» **Exercise goal**:
Type out each record word for word. Pictures stay out.

Dataset excerpts
----

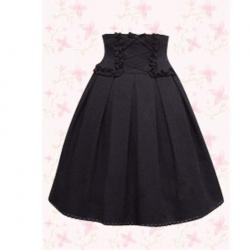 Amanda99 Black Pleated Cotton Lolita Skirt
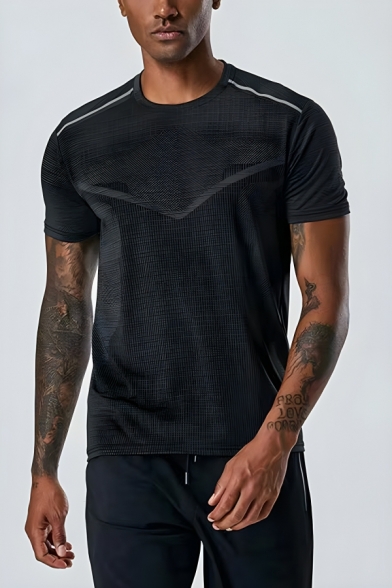 Sporty Men’s Slim Fitted Round Neck Short Sleeve Plain Polyester T Shirt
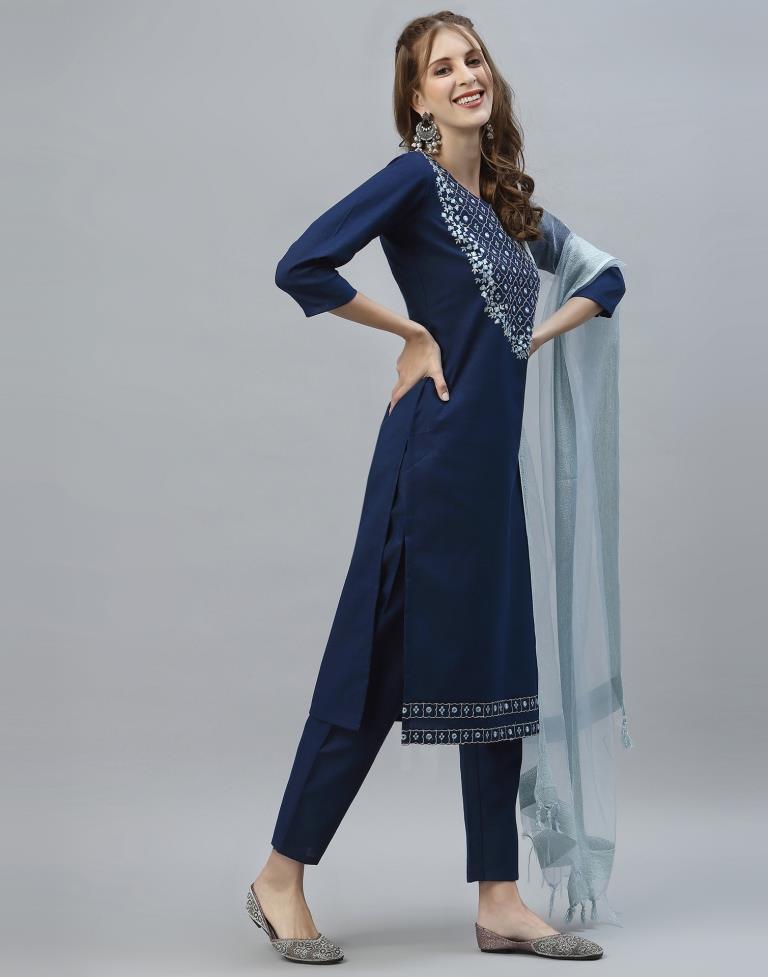 Navy Blue Kurti With Pant And Dupatta | Sudathi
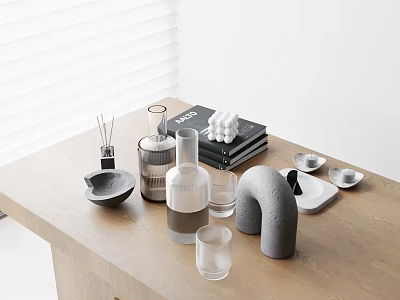 Decorative Ornament Set with Glass Bottle Gray Curved Decor Small Plates Books on Wooden Table 3d model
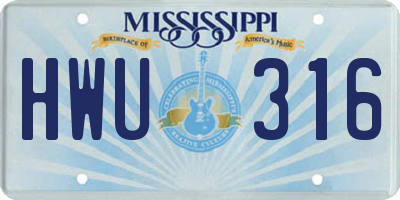 MS license plate HWU316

----

» **Exercise result**:
 Amanda99 Black Pleated Cotton Lolita Skirt
 Sporty Men’s Slim Fitted Round Neck Short Sleeve Plain Polyester T Shirt
 Navy Blue Kurti With Pant And Dupatta | Sudathi
 Decorative Ornament Set with Glass Bottle Gray Curved Decor Small Plates Books on Wooden Table 3d model
 MS license plate HWU316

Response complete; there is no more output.